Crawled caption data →
┌──

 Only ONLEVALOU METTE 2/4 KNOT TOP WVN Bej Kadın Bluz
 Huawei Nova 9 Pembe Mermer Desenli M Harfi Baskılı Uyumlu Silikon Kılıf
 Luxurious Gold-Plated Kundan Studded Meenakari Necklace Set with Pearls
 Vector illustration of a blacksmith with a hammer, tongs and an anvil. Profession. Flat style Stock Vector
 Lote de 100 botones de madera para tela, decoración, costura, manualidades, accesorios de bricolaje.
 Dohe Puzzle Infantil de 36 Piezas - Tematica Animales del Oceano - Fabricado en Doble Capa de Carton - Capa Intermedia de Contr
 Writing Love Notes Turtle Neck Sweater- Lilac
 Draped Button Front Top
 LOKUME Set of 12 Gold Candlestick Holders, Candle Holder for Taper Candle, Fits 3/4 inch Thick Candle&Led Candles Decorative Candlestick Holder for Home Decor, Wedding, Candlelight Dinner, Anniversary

└──

When you have gone through the records above, say how many lines include the word "Gold", and write nothing besides that number.

Answer space → 2